**Dataset entries:**
Start of Block
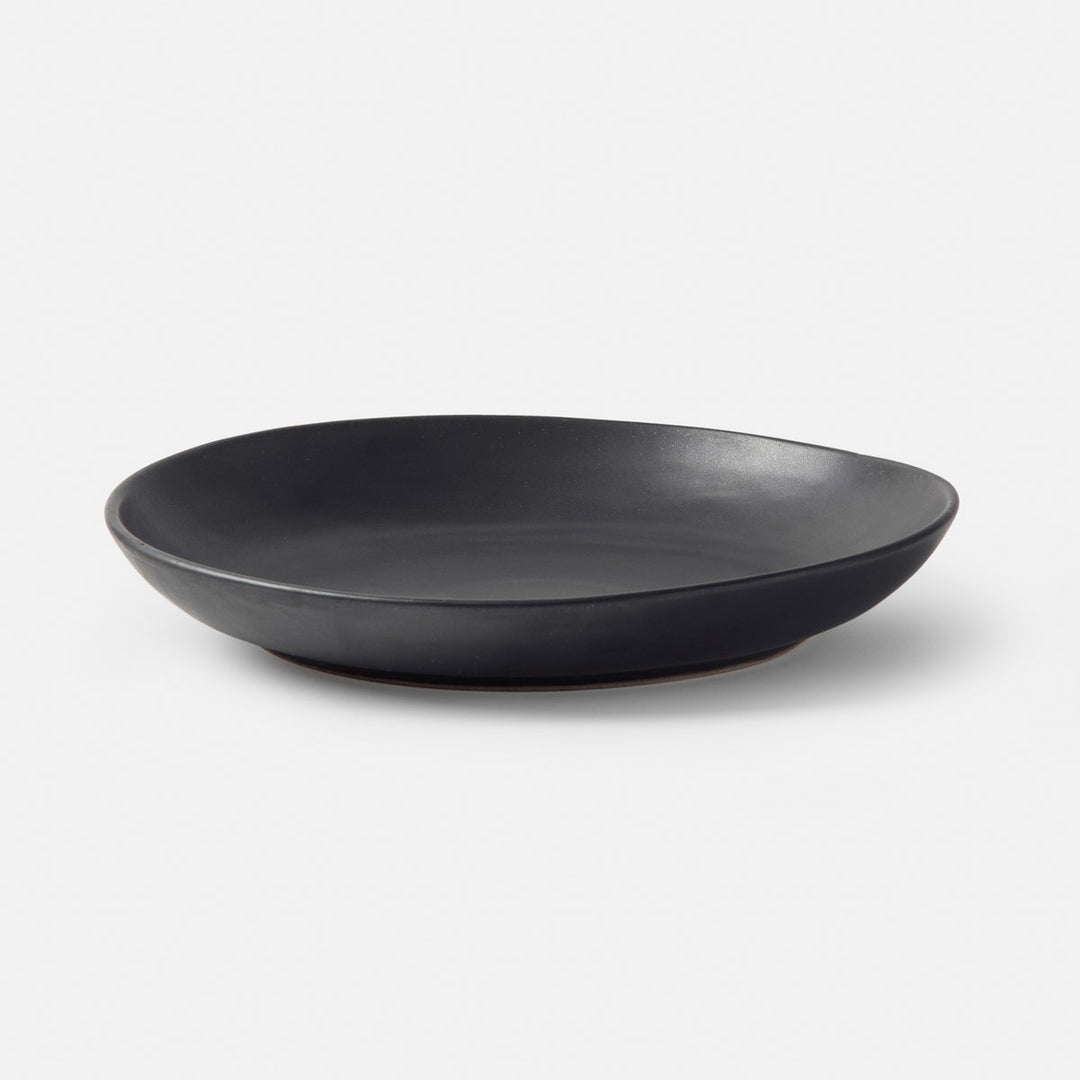 Marcus Black Glaze Round Serving Platter Stoneware Large Pack/2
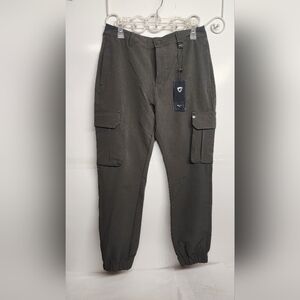 Fried Denim Dark Gray/green Sz 32/39 Cargo Jogger Pants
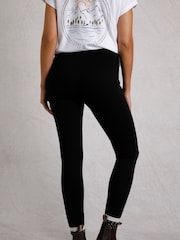 Weird Fish Black Lilliane High Waisted Leggings - Image 4 of 8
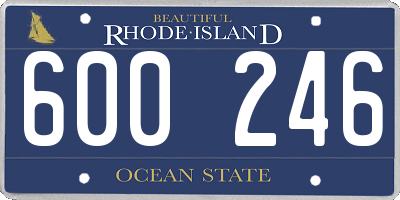 RI license plate 600246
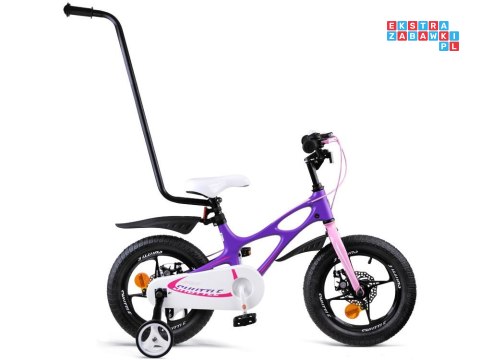 RoyalBaby Rower 14" Space Shuttle + pchacz Rower dziecięcy z kółkami bocznymi RB14-22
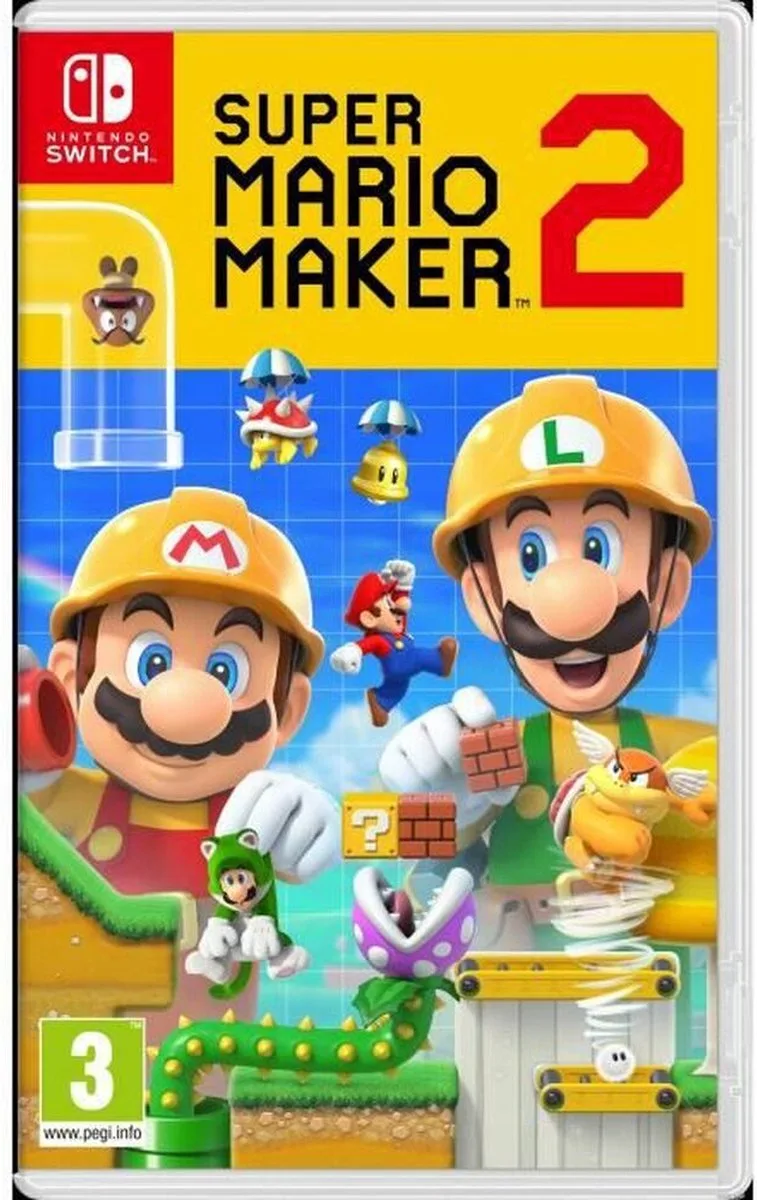 Super Mario Maker 2 - Switch (Frans) by Nintendo, Nintendo Switch – cover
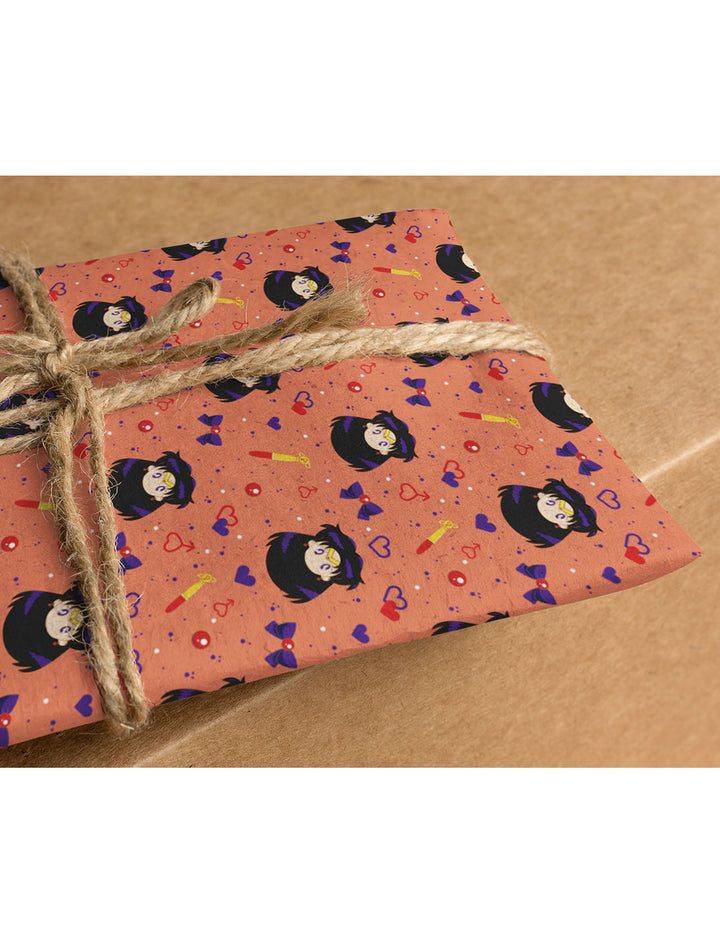 Sailor Moon Sailor Mars Red Wrapping Paper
End of Block
**Action item:**
Write the listing again exactly, duplicating every line and skipping the pictures.

**Response:**
 Marcus Black Glaze Round Serving Platter Stoneware Large Pack/2
 Fried Denim Dark Gray/green Sz 32/39 Cargo Jogger Pants
 Weird Fish Black Lilliane High Waisted Leggings - Image 4 of 8
 RI license plate 600246
 RoyalBaby Rower 14" Space Shuttle + pchacz Rower dziecięcy z kółkami bocznymi RB14-22
 Super Mario Maker 2 - Switch (Frans) by Nintendo, Nintendo Switch – cover
 Sailor Moon Sailor Mars Red Wrapping Paper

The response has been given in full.